Luke’s Gospel tells the story of Jesus, fresh from the affirmation of his baptism, being tempted by the devil in the wilderness.  If he is the beloved Son, will not God provide for him richly, allowing him to use divine power to make bread from stones?  Will the Lord not protect Jesus from all harm, even if he were to leap from a great height onto the rocks below?  Would not God want him to rule over all the kingdoms of the earth?  Jesus has a different sense of what it means to be the Beloved of God.  Rather than presume upon this relationship to provide material power, prosperity, and safety, Jesus is determined to be faithful and obedient, trusting above all else God’s word to him and wherever it leads him.

Speaking to the Christian community in Rome, Paul describes a relationship of trusting Jesus Christ: by calling upon his name we are saved.  Here, to be saved is to believe and trust Jesus as the one who has been raised from the dead.  Those who trust will not be “put to shame.”  Their trust will be rewarded by the love and power of God, just as Jesus’ own trust in God was rewarded with resurrection.
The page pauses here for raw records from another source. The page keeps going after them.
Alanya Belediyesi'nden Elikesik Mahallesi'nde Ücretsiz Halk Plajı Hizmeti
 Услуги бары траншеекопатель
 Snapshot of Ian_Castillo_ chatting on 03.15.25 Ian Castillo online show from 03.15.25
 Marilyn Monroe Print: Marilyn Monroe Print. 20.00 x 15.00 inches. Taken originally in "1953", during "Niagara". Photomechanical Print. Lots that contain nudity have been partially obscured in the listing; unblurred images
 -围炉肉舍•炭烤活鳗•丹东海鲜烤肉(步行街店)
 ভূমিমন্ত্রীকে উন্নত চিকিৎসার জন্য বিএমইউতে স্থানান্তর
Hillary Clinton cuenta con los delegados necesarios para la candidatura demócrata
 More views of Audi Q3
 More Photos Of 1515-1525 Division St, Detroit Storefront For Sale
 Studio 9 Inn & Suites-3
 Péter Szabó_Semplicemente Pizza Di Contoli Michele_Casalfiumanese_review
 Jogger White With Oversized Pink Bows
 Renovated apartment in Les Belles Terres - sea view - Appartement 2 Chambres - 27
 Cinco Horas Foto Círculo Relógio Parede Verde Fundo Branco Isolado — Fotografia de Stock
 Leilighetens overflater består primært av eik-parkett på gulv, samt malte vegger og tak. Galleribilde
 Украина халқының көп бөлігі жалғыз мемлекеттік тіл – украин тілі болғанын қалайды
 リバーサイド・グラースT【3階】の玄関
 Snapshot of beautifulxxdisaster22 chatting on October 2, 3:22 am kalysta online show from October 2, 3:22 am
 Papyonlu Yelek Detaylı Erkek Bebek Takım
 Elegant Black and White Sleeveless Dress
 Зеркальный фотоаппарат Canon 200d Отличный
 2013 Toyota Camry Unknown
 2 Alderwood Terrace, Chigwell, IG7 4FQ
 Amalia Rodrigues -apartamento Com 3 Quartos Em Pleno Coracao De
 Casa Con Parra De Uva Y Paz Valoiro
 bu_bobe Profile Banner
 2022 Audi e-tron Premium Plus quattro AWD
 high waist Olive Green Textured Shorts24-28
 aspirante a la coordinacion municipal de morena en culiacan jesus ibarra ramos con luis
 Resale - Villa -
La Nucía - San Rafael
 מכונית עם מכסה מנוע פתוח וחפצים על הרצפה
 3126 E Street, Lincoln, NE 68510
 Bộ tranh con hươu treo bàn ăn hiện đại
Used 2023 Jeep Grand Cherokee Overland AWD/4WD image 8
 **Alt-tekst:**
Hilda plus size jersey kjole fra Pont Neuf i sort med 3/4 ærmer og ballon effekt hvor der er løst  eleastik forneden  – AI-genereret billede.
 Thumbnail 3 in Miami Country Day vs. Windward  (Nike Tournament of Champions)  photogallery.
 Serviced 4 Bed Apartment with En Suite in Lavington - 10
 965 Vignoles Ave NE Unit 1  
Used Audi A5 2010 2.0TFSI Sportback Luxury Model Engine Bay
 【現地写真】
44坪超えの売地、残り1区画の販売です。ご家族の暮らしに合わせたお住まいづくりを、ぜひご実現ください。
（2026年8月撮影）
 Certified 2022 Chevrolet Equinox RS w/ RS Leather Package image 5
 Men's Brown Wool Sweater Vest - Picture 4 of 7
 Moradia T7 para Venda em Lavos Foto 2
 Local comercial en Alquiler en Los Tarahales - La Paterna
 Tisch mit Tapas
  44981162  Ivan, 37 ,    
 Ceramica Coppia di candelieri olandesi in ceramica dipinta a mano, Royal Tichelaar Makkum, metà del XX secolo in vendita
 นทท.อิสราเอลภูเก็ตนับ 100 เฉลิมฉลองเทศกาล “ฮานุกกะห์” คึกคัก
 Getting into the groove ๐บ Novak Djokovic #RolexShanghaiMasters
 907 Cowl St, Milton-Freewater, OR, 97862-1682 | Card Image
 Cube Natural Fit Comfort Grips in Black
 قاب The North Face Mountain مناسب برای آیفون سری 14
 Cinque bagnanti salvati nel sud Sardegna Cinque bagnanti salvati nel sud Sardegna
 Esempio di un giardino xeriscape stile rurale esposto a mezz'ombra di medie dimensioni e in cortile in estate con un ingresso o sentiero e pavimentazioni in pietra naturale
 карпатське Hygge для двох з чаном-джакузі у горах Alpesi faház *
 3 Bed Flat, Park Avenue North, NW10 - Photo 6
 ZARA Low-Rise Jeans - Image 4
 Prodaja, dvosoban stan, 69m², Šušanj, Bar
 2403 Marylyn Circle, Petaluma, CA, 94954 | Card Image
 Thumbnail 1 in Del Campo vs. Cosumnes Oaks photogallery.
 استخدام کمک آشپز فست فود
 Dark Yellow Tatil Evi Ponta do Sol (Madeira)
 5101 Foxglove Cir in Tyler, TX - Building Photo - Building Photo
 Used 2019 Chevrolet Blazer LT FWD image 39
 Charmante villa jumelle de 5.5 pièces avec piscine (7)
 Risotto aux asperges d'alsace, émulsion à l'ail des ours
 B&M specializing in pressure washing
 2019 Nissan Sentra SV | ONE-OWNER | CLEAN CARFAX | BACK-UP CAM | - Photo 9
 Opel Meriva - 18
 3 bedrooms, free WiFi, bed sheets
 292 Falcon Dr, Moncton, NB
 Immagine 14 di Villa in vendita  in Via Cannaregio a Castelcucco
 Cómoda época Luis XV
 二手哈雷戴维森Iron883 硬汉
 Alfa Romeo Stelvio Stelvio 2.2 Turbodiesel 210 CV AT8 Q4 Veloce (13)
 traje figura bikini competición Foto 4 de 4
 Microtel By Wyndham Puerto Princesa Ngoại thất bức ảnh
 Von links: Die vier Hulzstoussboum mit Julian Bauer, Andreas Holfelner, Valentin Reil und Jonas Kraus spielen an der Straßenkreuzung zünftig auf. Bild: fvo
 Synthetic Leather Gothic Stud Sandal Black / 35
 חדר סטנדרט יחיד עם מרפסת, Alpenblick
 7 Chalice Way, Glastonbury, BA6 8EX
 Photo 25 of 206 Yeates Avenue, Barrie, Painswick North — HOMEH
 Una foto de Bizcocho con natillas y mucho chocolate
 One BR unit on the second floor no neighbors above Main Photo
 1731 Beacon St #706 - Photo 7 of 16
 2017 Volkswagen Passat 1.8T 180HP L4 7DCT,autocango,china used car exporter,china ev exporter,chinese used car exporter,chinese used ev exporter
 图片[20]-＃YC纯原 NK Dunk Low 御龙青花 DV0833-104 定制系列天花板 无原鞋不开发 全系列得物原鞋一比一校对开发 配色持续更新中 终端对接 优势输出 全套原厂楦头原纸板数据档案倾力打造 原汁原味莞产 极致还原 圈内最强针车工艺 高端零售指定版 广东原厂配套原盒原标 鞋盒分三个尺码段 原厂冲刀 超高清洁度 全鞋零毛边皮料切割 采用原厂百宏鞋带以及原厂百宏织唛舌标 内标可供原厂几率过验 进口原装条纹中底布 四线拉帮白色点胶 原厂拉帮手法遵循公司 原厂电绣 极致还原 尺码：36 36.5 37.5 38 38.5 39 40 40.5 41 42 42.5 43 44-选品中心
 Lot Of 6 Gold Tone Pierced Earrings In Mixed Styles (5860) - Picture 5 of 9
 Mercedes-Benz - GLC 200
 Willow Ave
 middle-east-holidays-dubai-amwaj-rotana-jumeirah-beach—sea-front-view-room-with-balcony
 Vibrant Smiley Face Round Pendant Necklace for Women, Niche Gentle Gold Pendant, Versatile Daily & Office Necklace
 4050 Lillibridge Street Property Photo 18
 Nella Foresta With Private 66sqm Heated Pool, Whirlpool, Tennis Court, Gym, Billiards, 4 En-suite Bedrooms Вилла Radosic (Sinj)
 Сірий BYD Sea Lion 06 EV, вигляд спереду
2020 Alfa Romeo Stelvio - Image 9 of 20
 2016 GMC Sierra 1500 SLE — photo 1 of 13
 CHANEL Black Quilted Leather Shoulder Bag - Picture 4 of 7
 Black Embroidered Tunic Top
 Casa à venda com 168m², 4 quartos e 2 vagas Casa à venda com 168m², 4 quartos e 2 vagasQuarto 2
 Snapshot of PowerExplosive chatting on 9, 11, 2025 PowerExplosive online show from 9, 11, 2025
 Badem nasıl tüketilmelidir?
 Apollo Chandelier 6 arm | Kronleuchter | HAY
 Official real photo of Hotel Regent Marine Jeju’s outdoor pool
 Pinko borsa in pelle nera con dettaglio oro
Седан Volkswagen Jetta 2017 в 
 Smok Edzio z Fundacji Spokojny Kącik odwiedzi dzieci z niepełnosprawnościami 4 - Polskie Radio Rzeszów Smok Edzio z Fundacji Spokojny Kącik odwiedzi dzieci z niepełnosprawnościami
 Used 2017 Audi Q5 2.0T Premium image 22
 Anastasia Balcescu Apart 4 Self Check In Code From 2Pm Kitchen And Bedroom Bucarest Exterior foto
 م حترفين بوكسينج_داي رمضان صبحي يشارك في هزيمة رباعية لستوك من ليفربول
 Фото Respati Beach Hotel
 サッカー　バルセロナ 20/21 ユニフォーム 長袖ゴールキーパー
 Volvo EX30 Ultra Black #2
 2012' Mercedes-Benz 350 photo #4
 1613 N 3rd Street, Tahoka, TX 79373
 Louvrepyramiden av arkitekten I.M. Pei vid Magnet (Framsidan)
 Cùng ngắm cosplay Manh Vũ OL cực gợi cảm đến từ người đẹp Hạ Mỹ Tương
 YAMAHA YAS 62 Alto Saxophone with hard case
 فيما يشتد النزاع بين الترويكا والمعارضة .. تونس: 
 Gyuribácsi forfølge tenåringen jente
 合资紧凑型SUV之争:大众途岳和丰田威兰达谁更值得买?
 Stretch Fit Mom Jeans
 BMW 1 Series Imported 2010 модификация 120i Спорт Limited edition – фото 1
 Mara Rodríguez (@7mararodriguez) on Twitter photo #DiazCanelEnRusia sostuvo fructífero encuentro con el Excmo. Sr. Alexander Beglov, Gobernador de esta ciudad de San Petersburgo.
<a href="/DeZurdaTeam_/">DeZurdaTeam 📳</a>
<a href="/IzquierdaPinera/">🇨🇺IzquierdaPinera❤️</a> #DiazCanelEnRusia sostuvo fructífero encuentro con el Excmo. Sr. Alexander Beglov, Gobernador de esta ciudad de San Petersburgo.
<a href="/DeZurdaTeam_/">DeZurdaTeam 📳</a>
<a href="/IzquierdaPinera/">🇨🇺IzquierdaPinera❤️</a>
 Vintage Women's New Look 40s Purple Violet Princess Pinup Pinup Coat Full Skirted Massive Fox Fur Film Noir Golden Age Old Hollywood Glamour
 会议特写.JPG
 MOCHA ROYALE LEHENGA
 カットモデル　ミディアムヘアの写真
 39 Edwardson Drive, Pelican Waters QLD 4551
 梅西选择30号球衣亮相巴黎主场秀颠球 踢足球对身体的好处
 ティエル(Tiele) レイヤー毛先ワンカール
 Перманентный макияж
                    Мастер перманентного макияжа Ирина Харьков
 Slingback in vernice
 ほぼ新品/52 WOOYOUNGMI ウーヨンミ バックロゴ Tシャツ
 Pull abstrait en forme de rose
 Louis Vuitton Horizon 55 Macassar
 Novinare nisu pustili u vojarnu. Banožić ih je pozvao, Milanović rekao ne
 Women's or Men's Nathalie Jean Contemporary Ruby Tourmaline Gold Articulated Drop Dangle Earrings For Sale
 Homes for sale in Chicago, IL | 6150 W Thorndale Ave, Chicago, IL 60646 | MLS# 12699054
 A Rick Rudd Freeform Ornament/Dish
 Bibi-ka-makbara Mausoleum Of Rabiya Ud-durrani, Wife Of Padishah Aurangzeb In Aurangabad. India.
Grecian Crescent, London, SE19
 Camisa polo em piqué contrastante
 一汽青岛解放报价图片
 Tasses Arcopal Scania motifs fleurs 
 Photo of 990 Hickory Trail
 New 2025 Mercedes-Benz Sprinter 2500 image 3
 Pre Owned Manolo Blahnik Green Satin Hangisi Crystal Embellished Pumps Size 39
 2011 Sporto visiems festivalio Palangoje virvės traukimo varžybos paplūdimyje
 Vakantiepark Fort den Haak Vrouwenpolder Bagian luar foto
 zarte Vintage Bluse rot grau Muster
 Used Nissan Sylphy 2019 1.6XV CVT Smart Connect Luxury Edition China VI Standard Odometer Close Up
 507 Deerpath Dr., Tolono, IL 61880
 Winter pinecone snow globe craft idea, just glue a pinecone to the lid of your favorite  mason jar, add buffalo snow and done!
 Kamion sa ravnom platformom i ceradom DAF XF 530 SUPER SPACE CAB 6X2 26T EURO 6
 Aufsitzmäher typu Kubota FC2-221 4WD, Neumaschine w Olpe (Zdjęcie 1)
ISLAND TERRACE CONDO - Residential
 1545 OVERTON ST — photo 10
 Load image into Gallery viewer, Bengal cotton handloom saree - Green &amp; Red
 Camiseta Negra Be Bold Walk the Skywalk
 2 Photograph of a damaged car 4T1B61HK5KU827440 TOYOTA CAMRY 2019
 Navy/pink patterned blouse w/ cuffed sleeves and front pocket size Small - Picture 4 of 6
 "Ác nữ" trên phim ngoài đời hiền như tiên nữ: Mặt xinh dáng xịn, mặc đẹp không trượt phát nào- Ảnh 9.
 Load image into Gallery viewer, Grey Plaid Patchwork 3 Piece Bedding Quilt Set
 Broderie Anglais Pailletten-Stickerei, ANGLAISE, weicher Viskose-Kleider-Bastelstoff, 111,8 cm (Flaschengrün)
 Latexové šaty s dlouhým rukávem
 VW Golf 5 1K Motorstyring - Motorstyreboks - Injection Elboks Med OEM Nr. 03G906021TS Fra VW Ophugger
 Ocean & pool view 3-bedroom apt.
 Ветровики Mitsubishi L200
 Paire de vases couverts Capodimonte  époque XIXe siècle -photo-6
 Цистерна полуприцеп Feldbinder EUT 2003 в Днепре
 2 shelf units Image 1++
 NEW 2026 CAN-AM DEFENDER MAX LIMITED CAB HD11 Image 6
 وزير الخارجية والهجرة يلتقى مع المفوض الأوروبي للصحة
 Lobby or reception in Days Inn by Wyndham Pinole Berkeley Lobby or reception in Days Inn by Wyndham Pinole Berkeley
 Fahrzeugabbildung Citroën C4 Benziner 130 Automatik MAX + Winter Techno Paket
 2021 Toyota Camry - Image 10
Comment: What does it mean to be “saved?” It means here and now that I have a relationship with God, who has made known his love in Christ Jesus and shares his life and purpose with me.  My side of this is to listen to and trust God’s word, letting his Spirit lead me as I make my way in this world to serve God.  What it does not mean is that I will be spared all difficulty and struggle, living in a “bubble” of divine protection.  The Lord may ask me to do hard things, and it is almost inevitable that opposition will arise. And we all face the reality that we are “dust” – fragile beings who are subject to illness and death.  In the face of all this, Lord, help us to trust you!